[Provided data Boundary: Start]

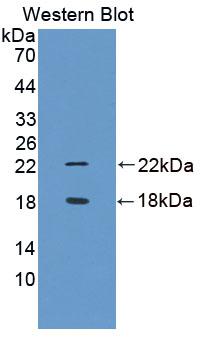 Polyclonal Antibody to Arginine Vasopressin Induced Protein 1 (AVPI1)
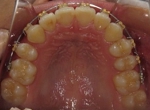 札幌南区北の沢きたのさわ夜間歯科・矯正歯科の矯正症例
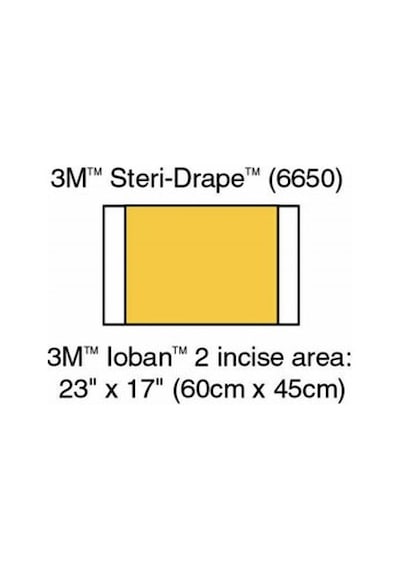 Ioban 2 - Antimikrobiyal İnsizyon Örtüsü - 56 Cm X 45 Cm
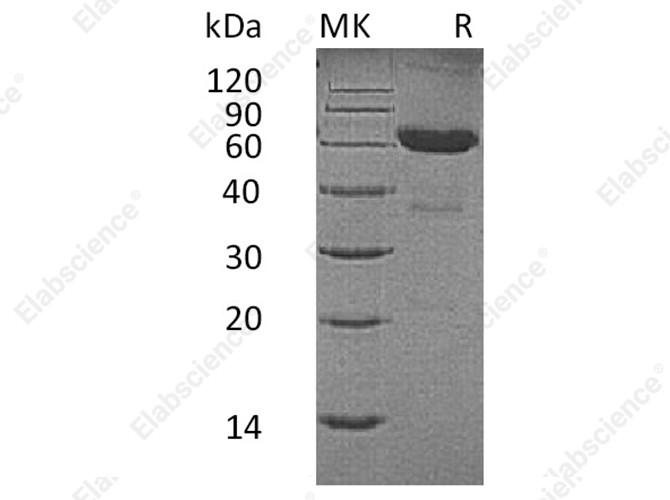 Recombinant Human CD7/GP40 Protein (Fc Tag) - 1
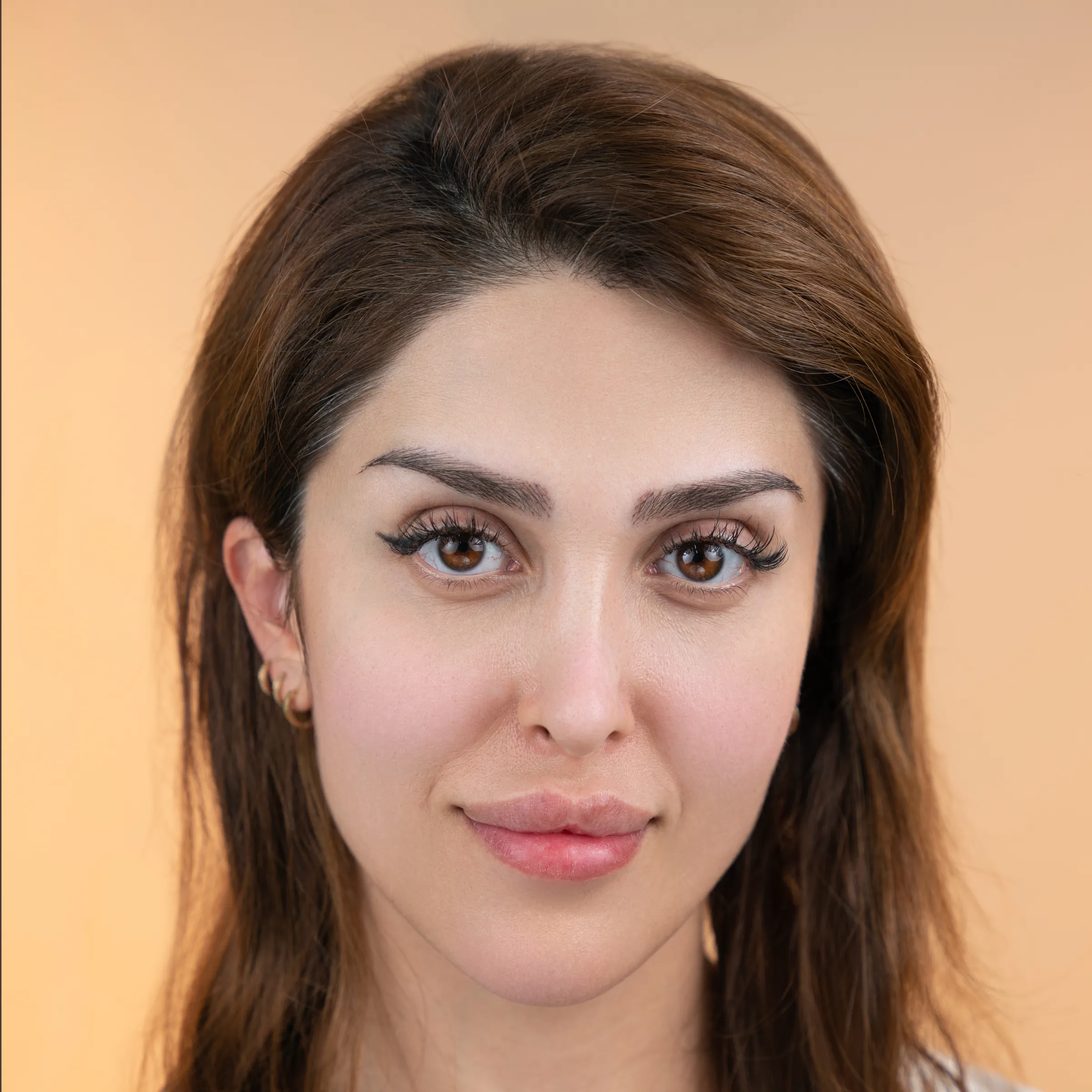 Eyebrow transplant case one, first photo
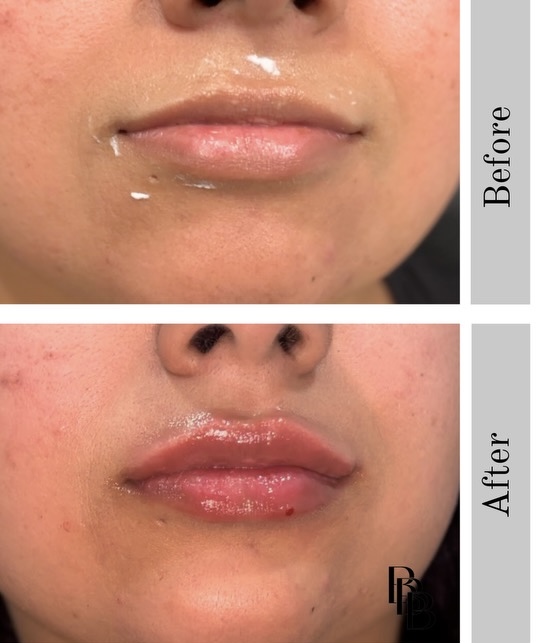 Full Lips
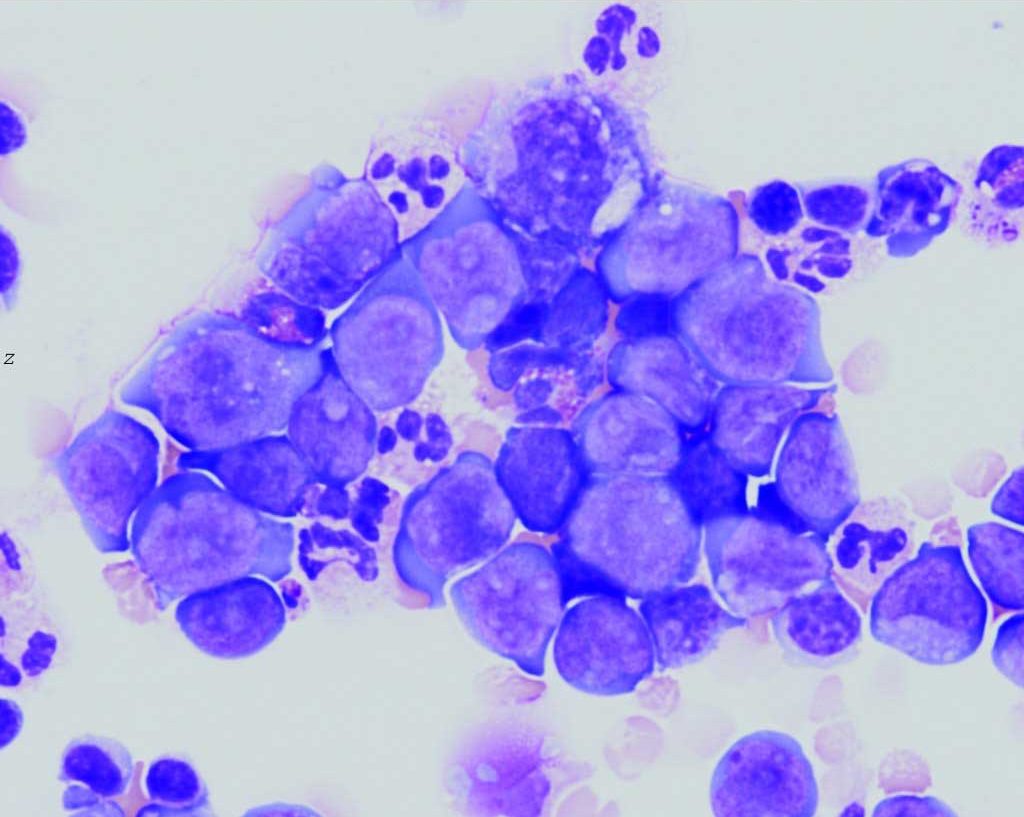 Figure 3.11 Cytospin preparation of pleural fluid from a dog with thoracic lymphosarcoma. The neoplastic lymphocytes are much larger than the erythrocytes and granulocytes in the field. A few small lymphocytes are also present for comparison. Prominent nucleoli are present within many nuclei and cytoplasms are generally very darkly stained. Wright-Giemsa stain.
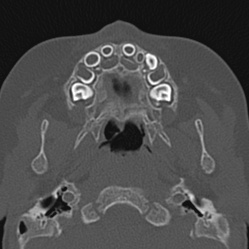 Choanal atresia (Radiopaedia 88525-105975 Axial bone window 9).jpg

[Provided data Boundary: End]

• **Required action**
The lines from the one with "Ioban 2 - Antimikrobiyal" to the end of the data above should be retyped exactly, both ends included, and pictures are to be left out.

• **Exercise solution**
 Ioban 2 - Antimikrobiyal İnsizyon Örtüsü - 56 Cm X 45 Cm
 Recombinant Human CD7/GP40 Protein (Fc Tag) - 1
 Eyebrow transplant case one, first photo
 Full Lips
 Figure 3.11 Cytospin preparation of pleural fluid from a dog with thoracic lymphosarcoma. The neoplastic lymphocytes are much larger than the erythrocytes and granulocytes in the field. A few small lymphocytes are also present for comparison. Prominent nucleoli are present within many nuclei and cytoplasms are generally very darkly stained. Wright-Giemsa stain.
 Choanal atresia (Radiopaedia 88525-105975 Axial bone window 9).jpg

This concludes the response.